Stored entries
◆ ◆ ◆ ◆

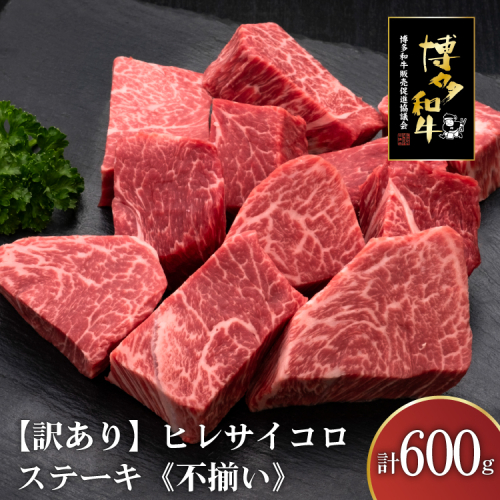 訳あり 肉 博多和牛 ヒレサイコロステーキ 600g [久田精肉店 福岡県 宇美町 um40bsi440001] 訳アリ 牛肉 牛 ヒレ サイコロステーキ 冷凍 2620974 - 福岡県宇美町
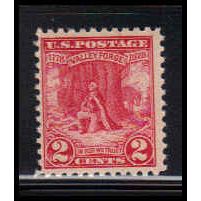 645 2c Valley Forge Just Clears MNH O1456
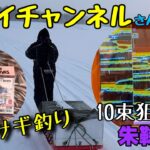 【ワカサギ釣り】朱鞠内湖で『北ベイチャンネル』さんとコラボ　みんな元気いっぱい❗️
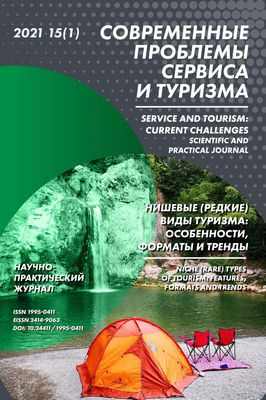 Раскрыт личный опыт туристов, проводящих косметические операции Раскрыт личный опыт туристов, проводящих косметические операции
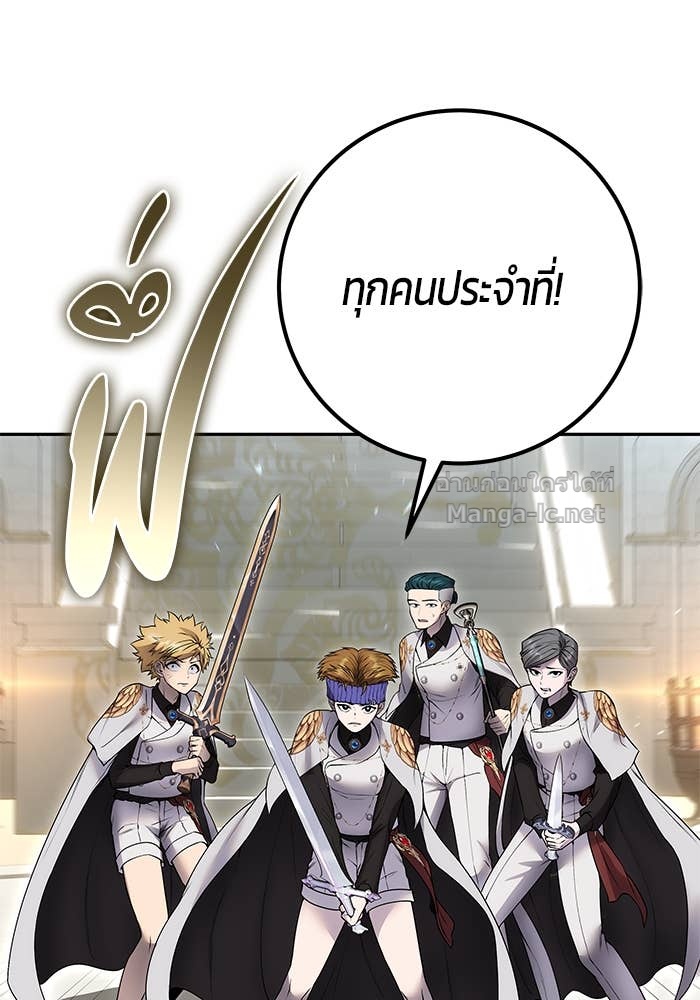 Doujin-Lc- อ่าน โดจิน มังฮวา เกาหลี ญี่ปุ่น จีน แปลไทย แกร่งเกินผู้กล้า แต่ซ่าไม่ได้ ตอนที่ 1 2 3 4 5 6 7 8 9 10 11 12 13 14 ฟรี ไม่มีโฆษณา อ่าน โดจิน Manhwa เกาหลี ญี่ปุ่น จีน เรามีครบ คัดมาให้เน้นๆ โดจิน 18+ รับประกันความฟินโดย Doujin Lc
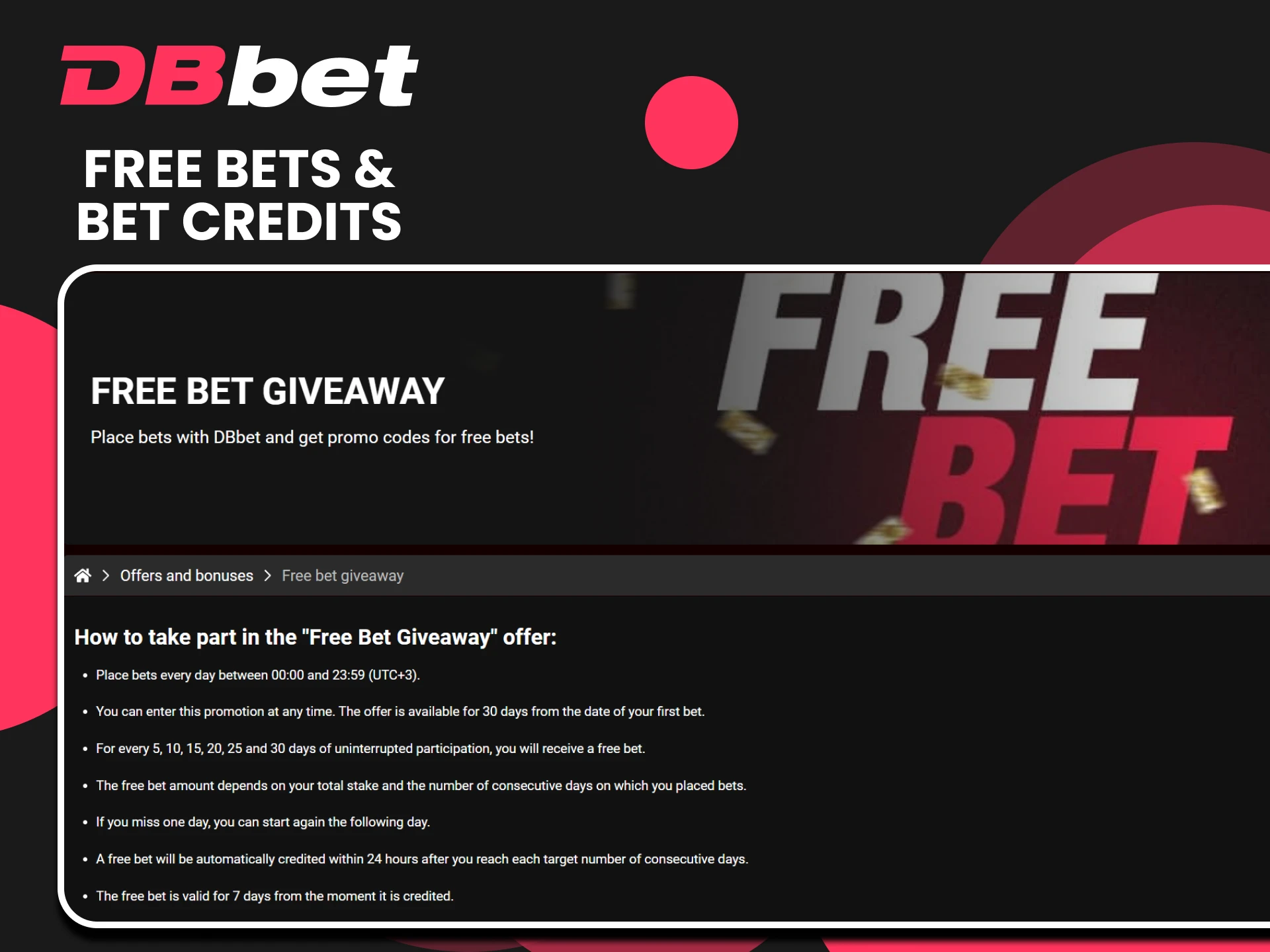 DBbet offers a free bet bonus.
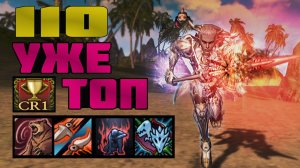 Lineage 2 MAIN Полководец Тира всё что нужно знать на 110 уровне о ВЛе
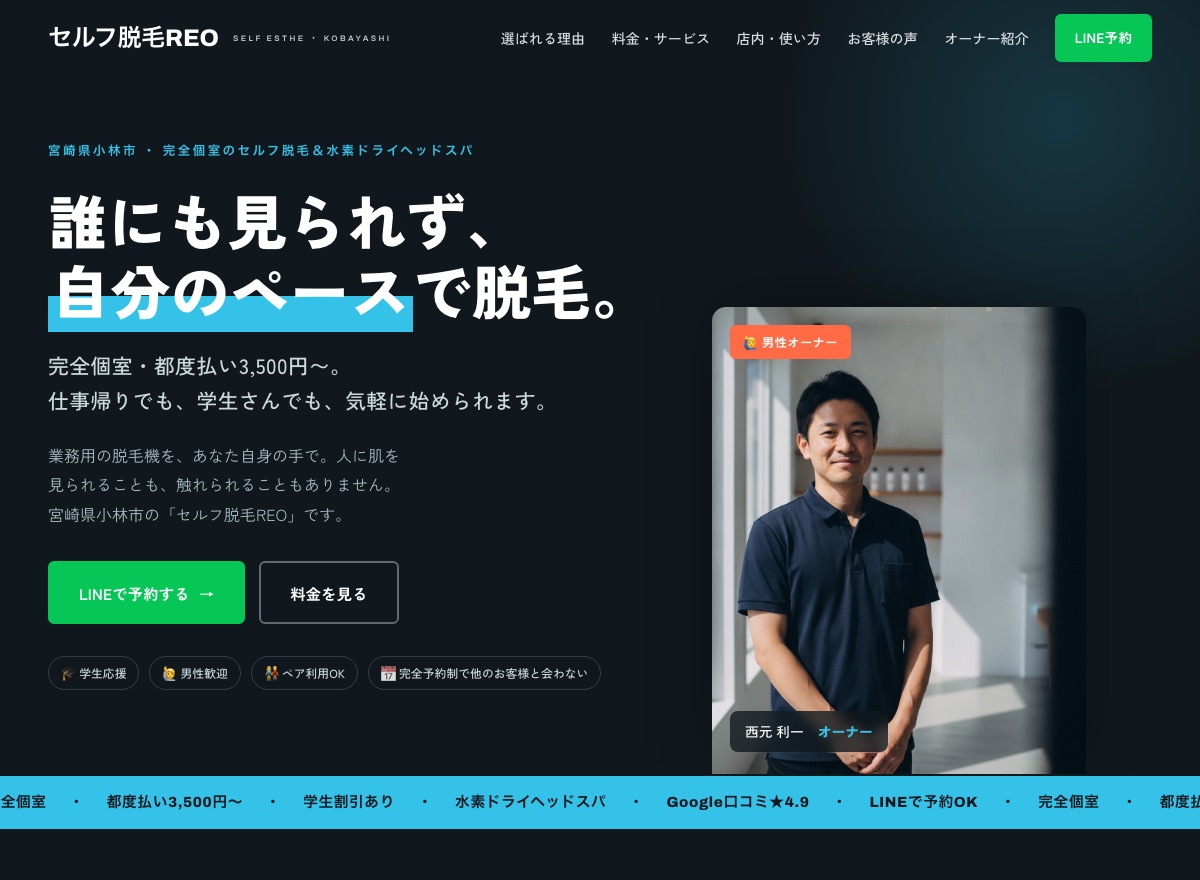 セルフ脱毛REO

◆ ◆ ◆ ◆

▶ **Task brief**
With the pictures omitted, print the lines above exactly, beginning at the line with "645 2c Valley Forge Just Clears MNH O1456" and going on through the line with "DBbet offers a free bet bonus.".

▶ **Exercise result**
 645 2c Valley Forge Just Clears MNH O1456
 【ワカサギ釣り】朱鞠内湖で『北ベイチャンネル』さんとコラボ　みんな元気いっぱい❗️
 Раскрыт личный опыт туристов, проводящих косметические операции Раскрыт личный опыт туристов, проводящих косметические операции
 Doujin-Lc- อ่าน โดจิน มังฮวา เกาหลี ญี่ปุ่น จีน แปลไทย แกร่งเกินผู้กล้า แต่ซ่าไม่ได้ ตอนที่ 1 2 3 4 5 6 7 8 9 10 11 12 13 14 ฟรี ไม่มีโฆษณา อ่าน โดจิน Manhwa เกาหลี ญี่ปุ่น จีน เรามีครบ คัดมาให้เน้นๆ โดจิน 18+ รับประกันความฟินโดย Doujin Lc
 DBbet offers a free bet bonus.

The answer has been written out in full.